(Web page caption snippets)
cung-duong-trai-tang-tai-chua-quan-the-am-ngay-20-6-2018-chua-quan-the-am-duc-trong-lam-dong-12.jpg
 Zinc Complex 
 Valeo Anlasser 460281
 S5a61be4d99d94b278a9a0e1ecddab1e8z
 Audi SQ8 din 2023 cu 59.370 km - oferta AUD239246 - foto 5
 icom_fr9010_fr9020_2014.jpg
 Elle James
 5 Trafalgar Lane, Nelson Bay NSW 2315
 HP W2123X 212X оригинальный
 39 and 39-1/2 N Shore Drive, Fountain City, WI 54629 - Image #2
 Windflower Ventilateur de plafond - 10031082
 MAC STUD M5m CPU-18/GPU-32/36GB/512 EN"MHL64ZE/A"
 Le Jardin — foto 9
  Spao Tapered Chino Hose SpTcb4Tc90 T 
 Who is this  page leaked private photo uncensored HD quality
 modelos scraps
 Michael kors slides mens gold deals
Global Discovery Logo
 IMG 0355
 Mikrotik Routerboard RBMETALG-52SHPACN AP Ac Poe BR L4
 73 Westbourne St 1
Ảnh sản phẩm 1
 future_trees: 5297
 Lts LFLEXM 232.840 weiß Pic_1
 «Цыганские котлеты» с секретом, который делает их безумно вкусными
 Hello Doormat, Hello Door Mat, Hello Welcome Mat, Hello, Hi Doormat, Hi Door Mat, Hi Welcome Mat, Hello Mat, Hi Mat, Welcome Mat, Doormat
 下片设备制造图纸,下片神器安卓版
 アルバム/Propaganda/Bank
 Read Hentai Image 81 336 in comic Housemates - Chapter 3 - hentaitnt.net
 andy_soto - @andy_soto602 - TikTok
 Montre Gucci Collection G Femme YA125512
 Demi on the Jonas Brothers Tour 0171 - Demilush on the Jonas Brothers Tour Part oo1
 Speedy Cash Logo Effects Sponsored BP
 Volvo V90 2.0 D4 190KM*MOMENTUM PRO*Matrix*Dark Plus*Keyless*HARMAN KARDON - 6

◆ **Task details**
Give the exact lines, and only those, from the line containing "Valeo Anlasser 460281" through the line containing "Le Jardin — foto 9" in the entries above.

◆ **Problem solution**
 Valeo Anlasser 460281
 S5a61be4d99d94b278a9a0e1ecddab1e8z
 Audi SQ8 din 2023 cu 59.370 km - oferta AUD239246 - foto 5
 icom_fr9010_fr9020_2014.jpg
 Elle James
 5 Trafalgar Lane, Nelson Bay NSW 2315
 HP W2123X 212X оригинальный
 39 and 39-1/2 N Shore Drive, Fountain City, WI 54629 - Image #2
 Windflower Ventilateur de plafond - 10031082
 MAC STUD M5m CPU-18/GPU-32/36GB/512 EN"MHL64ZE/A"
 Le Jardin — foto 9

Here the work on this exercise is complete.